Il romanzo dell’anno, edito da La Nave di Teseo (2019) e scritto da Giorgio Biferali, evoca un amore epistolare tra Livia e Niccolò.
È un romanzo che ci permette di riflettere su sentimenti importanti come l’amore, la paura, la perdita e il dolore.
Abbiamo rivolto alcune domande a Giorgio Biferali, il quale ci ha parlato proprio di amore e paura, contrastanti fra loro ma necessari per chi scrive e vive, fino in fondo.
Il romanzo dell’anno è una lunga lettera d’amore, che ricorda un diario ben custodito nel più prezioso tra i cassetti. L’amore può essere un elastico per la resistenza alla paura di perdere qualcuno?
L’amore può essere qualsiasi cosa, può anche spingere uno come Niccolò, che non ha mai scritto nulla in vita sua, a cercare rifugio nella scrittura, a trovare nelle lettere la migliore forma di sopravvivenza possibile. E l’elastico è proprio lì, nel sentimento che ci mette, che lo porta a ricordare la vita con Livia, a farla diventare un personaggio anche in un presente che però non la comprende, a mantenerla in vita per sempre.
In una intervista chiesero a Philip Roth perché scrivesse e lui rispose “scavo una buca e la illumino con una torcia”. Tu, Giorgio, perché scrivi?
La vedo un po’ come Roth, solo che la buca sono io, e anche la torcia, a pensarci bene. La scrittura per me è una forma di autoanalisi, di salvezza, di fuga e di ritorno al quotidiano, che il più delle volte non mi basta e sento che vorrei aggiungerci qualcosa di mio. E poi, quando scrivo, mi trovo in una dimensione che nessuno conosce, in cui nessuno può farmi del male.
Nel tuo romanzo ci sono eventi importanti di cronaca che vanno ad intrecciarsi con la vita spezzata di Niccolò: dalla violenta morte di Giulio Regeni al suicidio di Tiziana Cantone, la ragazza che fu colpevolizzata e vessata per essersi lasciata riprendere in un atto sessuale con un omuncolo; poi gli attentati terroristici di Nizza e Bruxelles, l’incombente politica di Trump, l’orrore della guerra in Siria, il terremoto di Amatrice. È un senso di compiutezza quello che si prova o che si immagina di provare quando si racconta la vita che scorre a qualcuno che non può viverla?
E di ordine, anche. La vita, per Niccolò, il quotidiano, è sempre stato fatto di lui più Livia, di lui insieme a lei. L’idea, il pensiero che questo non sia più possibile fa perdere l’equilibrio a lui, e al mondo che ha sempre vissuto. Quindi, così come quando si fa un elenco, fare un resoconto del tempo che passa alla persona che ami (che però non è con te) significa volerla coinvolgere a tutti i costi, renderla partecipe della tua vita, di quello che vedi, di quello che senti, com’è sempre stato.
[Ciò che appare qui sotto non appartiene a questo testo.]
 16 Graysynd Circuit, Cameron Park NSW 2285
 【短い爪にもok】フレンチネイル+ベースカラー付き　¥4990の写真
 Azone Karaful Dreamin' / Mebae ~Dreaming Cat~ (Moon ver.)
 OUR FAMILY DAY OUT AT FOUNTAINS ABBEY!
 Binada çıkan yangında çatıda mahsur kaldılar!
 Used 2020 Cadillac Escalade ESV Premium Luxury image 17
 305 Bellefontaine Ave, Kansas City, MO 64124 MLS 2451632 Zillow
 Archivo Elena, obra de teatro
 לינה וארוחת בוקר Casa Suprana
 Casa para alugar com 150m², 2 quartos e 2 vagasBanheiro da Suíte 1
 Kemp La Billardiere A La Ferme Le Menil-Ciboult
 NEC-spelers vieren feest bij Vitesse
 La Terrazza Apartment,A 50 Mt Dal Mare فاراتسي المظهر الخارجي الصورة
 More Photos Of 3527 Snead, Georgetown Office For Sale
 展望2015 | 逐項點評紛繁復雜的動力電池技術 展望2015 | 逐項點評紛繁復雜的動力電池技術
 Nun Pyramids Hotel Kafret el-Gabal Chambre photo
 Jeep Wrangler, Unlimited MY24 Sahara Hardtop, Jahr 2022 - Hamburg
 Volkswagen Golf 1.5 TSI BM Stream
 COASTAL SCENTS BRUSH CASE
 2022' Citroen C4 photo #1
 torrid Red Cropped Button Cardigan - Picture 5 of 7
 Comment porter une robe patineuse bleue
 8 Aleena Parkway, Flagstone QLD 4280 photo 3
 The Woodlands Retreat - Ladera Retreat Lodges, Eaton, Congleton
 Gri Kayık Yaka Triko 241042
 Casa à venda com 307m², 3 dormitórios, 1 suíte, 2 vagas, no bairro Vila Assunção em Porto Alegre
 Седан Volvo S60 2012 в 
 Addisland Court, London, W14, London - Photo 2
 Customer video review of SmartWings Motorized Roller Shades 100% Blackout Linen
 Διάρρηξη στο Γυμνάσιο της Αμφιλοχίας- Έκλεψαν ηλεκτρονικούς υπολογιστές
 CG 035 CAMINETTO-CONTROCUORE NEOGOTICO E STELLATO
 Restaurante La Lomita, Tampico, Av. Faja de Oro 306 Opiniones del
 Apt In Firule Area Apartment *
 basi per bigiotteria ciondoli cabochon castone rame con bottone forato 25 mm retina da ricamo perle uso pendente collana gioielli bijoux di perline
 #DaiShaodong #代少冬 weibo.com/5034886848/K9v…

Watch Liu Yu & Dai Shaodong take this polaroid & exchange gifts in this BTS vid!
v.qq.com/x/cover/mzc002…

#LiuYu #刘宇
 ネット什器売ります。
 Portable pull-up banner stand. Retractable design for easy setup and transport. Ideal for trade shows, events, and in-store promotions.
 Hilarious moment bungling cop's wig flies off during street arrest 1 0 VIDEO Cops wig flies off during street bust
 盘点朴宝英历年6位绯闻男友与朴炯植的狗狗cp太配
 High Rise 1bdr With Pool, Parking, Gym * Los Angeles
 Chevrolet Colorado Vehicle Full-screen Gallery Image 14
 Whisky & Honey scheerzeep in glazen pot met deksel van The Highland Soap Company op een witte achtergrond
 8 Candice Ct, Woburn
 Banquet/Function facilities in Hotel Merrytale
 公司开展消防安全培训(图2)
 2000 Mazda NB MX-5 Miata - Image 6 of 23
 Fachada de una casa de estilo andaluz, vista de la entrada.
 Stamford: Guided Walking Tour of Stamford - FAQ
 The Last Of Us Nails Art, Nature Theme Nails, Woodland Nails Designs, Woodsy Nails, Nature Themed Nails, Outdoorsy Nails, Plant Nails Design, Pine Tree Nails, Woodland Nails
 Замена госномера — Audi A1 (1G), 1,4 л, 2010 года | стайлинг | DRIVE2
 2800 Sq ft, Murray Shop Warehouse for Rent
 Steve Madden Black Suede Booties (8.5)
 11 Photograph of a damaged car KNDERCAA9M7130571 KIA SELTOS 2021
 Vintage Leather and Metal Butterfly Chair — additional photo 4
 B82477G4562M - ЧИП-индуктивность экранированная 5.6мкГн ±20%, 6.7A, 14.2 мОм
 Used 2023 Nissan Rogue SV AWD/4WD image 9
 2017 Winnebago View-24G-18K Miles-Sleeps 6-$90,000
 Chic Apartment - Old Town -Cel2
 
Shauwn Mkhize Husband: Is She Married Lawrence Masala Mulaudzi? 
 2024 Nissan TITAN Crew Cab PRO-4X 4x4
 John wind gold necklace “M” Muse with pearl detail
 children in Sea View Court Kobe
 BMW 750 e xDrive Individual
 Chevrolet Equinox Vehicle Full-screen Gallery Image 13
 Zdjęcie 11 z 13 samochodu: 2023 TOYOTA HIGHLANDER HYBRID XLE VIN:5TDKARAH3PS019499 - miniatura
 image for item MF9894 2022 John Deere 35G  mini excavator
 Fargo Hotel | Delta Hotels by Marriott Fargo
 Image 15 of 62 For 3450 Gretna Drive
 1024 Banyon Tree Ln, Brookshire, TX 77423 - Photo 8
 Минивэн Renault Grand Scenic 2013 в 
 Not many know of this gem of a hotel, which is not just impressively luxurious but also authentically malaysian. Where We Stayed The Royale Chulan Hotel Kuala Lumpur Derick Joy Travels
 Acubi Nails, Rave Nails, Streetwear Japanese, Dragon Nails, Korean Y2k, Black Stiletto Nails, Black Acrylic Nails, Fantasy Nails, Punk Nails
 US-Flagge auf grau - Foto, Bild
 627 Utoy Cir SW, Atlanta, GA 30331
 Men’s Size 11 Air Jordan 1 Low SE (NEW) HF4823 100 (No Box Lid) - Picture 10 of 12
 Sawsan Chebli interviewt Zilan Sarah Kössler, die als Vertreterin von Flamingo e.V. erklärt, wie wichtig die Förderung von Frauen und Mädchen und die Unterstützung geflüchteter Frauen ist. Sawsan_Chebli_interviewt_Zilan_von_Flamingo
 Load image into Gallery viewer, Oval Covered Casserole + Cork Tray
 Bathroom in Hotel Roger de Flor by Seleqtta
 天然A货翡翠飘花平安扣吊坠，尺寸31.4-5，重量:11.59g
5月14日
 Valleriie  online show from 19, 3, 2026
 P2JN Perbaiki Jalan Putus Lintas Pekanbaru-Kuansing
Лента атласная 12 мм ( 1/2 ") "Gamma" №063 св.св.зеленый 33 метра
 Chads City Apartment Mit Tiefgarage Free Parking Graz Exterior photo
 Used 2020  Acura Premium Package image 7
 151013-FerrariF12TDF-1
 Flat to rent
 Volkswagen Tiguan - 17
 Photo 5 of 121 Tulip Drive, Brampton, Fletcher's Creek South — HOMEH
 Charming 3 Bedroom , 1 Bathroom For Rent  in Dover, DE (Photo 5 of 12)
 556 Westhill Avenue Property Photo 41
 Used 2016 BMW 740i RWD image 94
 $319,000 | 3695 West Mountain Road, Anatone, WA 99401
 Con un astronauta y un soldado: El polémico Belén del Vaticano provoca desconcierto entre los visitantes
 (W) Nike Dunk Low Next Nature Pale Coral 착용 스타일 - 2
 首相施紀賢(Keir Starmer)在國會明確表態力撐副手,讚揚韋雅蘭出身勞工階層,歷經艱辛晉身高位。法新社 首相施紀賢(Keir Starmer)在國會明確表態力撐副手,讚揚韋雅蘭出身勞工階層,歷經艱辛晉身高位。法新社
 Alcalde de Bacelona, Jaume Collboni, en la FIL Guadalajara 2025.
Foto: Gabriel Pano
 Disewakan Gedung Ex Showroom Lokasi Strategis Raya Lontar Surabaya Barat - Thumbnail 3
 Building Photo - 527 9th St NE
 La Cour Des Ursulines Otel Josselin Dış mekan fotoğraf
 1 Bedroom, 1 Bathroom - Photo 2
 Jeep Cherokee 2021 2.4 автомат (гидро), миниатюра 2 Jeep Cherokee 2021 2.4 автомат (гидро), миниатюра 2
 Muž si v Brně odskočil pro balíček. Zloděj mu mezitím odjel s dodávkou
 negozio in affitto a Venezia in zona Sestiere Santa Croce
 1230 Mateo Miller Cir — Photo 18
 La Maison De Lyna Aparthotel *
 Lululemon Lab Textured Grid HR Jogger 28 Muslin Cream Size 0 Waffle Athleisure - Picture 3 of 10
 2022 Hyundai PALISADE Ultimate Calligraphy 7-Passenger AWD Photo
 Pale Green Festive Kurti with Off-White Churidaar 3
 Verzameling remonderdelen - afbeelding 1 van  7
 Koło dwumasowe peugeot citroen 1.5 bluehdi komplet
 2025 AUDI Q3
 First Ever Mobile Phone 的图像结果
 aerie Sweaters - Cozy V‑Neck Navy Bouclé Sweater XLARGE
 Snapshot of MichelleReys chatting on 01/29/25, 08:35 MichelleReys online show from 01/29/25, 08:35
E quel tempo, che prima era di tutti, scrivendo diventa il tuo tempo, e puoi fermarlo, ingannarlo, giocarci quanto vuoi.
Hai vissuto una sorta di “epifania” prima di scrivere questo romanzo?
Sì, anche più di una. In libreria, mentre stavo comprando un’agenda per l’anno successivo, ho pensato che avrei voluto scrivere il romanzo di un anno, un romanzo che oscillasse tra i fatti pubblici e quelli privati di un gruppo di ragazzi, nell’arco di un intero anno. O in macchina, mentre giravo per la città e leggevo i messaggi d’amore colorati sui muri, che mi sembravano delle lettere a cielo aperto.
Si pensa che tutti abbiano una strada da percorrere, c’è chi vede la vita come un viaggio, forse perché esiste sempre una strada che porta al mare. Tu come immagini la tua?
Io la vedo come la lancetta lunga di un orologio, provo a fissarla per vedere se si muove, ma niente. Dopo un po’, però, mi accorgo che si è mossa. “Alle volte uno si sente incompleto ed è soltanto giovane”, diceva Calvino. Be’, io spero di sentirmi sempre così, incompleto, cioè vivo.